Favorable terms of a contract ($$) would hardly be a reason for a company like US West to choose QCOM over others such as LU or MOT. US West would stand to lose a lot more $$ than that in revenue if the base stations were unreliable or had poor voice quality. I would believe that favorable terms would be lower on the criteria list when purchasing hardware.

There would have to have been some kind of clear advantage (reliability, voice quality, size, $/channel...etc.) for US West to have chosen QCOM.

However, you theory hold a lot of water if we were talking about a developing nation that just starting basic cellular phone coverage and is leap-frogging straight to digital cellular.

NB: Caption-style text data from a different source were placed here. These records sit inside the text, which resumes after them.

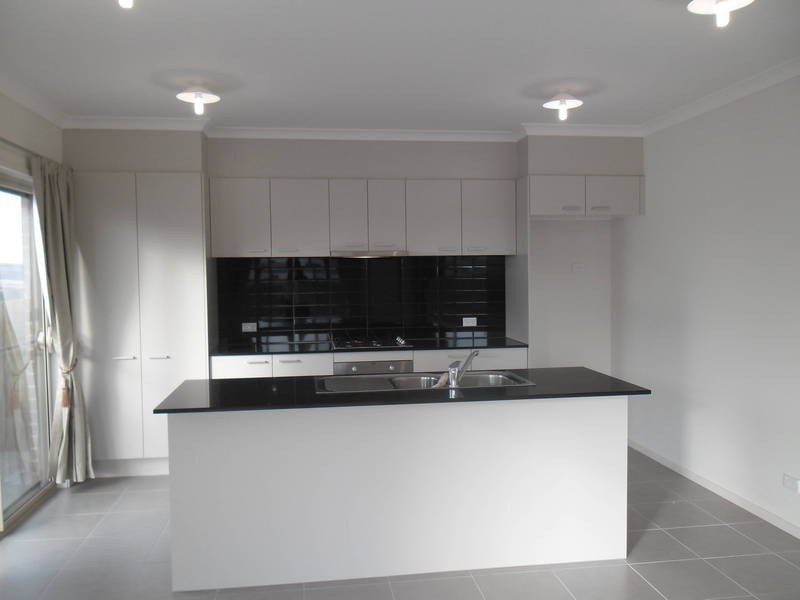 92 St Arnaud Road, Eynesbury VIC 3338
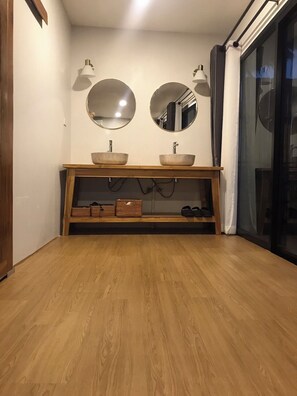 Villa | Bathroom | Shower, hair dryer, towels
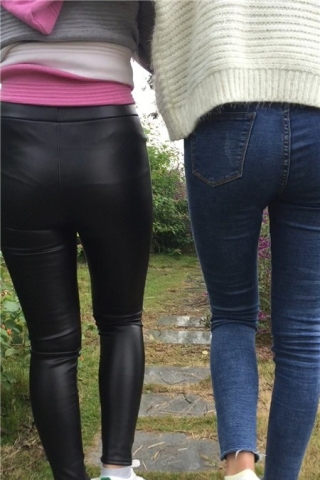 查看完整内容：清纯小学妹小红和小玲皮裤牛仔裤模拍第一季 [1.35 GB]（视频版） - 共10张图片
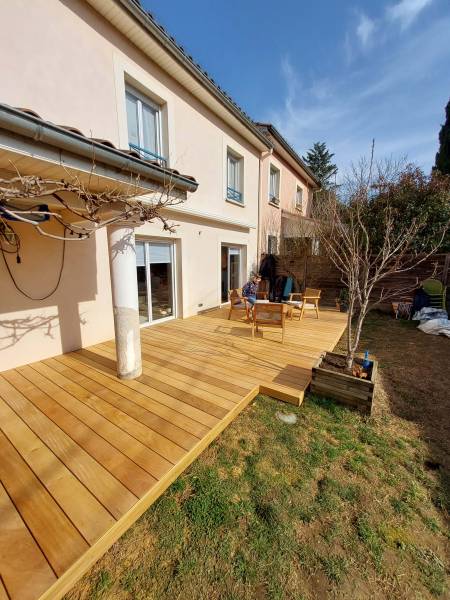 terrasse en GARAPA sur la commune de Lentilly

To: Maurice Winn who wrote (17200)10/26/1998 11:50:00 PM
From: SKIP PAUL  Read Replies (1) | Respond to of 152472
 
Maurice, you are right on how handsomely Korea has benefited from being the pioneer in CDMA technology.

10-27-98 IT Sector Posts $8.6 Billion in Surplus

Korea's telecommunications equipment and semiconductor makers have shipped $21.56 billion worth of products overseas in the first nine months of
this year, or 72.3 percent of their annual $29.8-billion target, the Ministry of Information and Communication said yesterday.

Their imports stood at $12.96 billion, posting a sectoral trade surplus of $8.6 billion, the ministry said in a report on business trends in the information
and technology (IT) industry.

While exports slowed by 5.9 percent from last year, imports plunged 20.9 percent during the nine-month period due to flagging domestic demand, the
report said.

Among export products, satellite broadcast receiving equipment showed strong growth with $50 million in exports, an increase of 82.7 percent from last
year. (NIS) The ministry attributed the increase to the start of digital TV broadcasting in Britain last month and the planned service launch in the United
States next month.

Exports of mobile phone handsets also showed robust growth with $980 million, up 62.9 percent from $600 million last year. The exports focused on
the U.S. and Hong Kong markets, which adopted code division multiple access (CDMA) technology. Korea was the first country in the world to
commercialize CDMA technology in mobile handsets.

Exports of personal computers rose 58.3 percent to $180 million, boosted by a growth in shipments under original equipment manufacture (OEM) bases.

Memory chips, a key export item in the IT industry, decreased 0.3 percent to $4.17 billion from the corresponding period of last year.

By region, Asia, which contains such major markets as Japan, China and Hong Kong, remained the largest export market with $10.16 billion, or 47.1
percent of the total export volume.

The U.S. market was second with $6.26 billion or 29 percent, followed by Europe, which assumes 18.8 percent or $4.06 billion, the report showed.